Bishop Ambrose Kelly C.S.Sp (born 24 June 1900, died 12 February 1952) was a member of the Holy Ghost Fathers, and served as Archbishop of Freetown and Bo, in Sierre Leone.

Born in 1900 in Newhaven, Sussex, England, to Irish parents, Kelly was educated in Ireland, at Blackrock College, Dublin and trained to be a Holy Ghost priest, at Kimmage Manor, St. Marys, Rathmines and Blackrock, while studying in University College Dublin, graduating in 1922.

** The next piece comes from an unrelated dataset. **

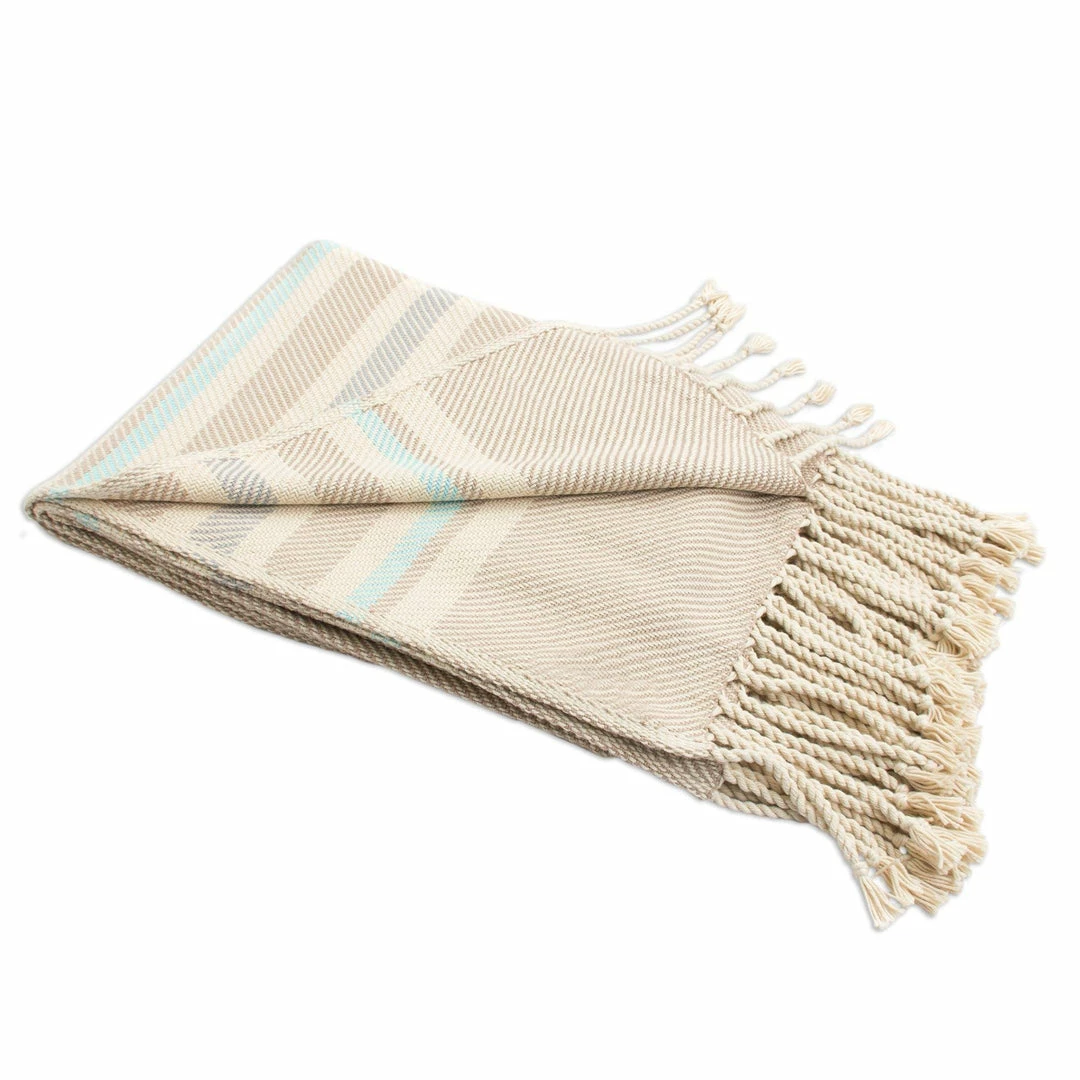 NO BOHO ECRU SWEET BLUE THROW (PERU) 3 NO BOHO ECRU SWEET BLUE THROW (PERU)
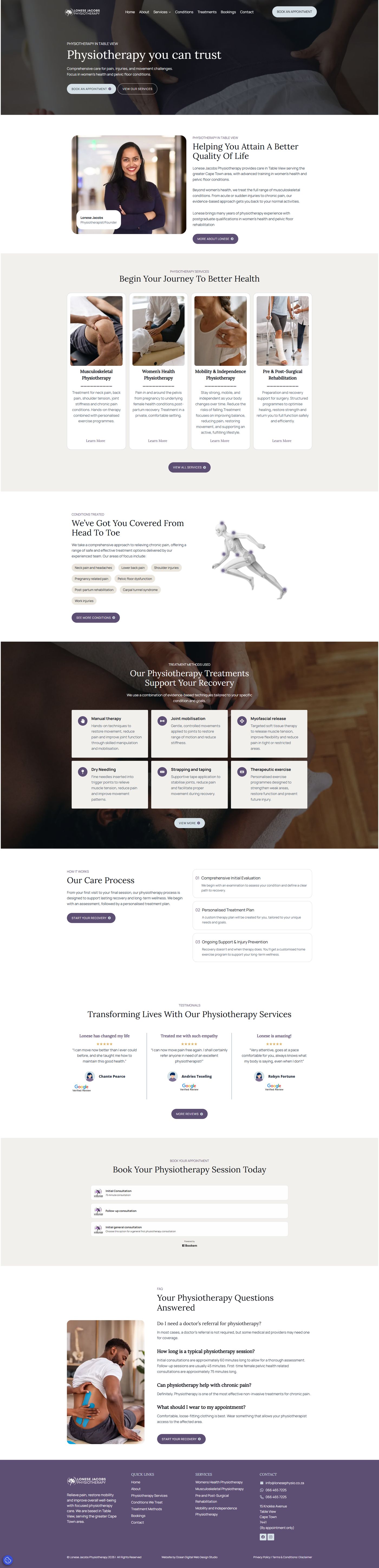 Lonese Jacobs Physiotherapy website homepage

At Blackrock he excelled at sports, captaining the Cricket team, and playing out-half in the Senior Cup Rugby Team. He also gained an inter-provincial cap. He played fly half, for Blackrocks, past-pupils rugby team, while prefect there. Two of his contemporaries also became bishops, John Joseph McCarthy, and Eugene Joseph Butler. Two of Kelly's brothers, Jim and Patrick, were also educated at Blackrock, and both became priests.

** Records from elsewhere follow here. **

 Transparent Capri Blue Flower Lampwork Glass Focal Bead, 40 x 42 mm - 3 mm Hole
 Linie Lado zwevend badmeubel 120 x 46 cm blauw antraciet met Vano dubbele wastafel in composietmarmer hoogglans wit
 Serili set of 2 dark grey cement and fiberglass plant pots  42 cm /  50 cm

Kelly was ordained a priest in 1928. He worked as a teacher in  St. Edward's Secondary School, Freetown, Sierre Leone.

In 1937 he was appointed Vicar Apostolic to Sierre Leone, and Titular Bishop of Altava and ordained bishop in Blackrock College. In 1950 Dr. Kelly was appointed to the Bishopric of Freetown and Bo when the Vicarate was elevated to a Diocese, its first Bishop.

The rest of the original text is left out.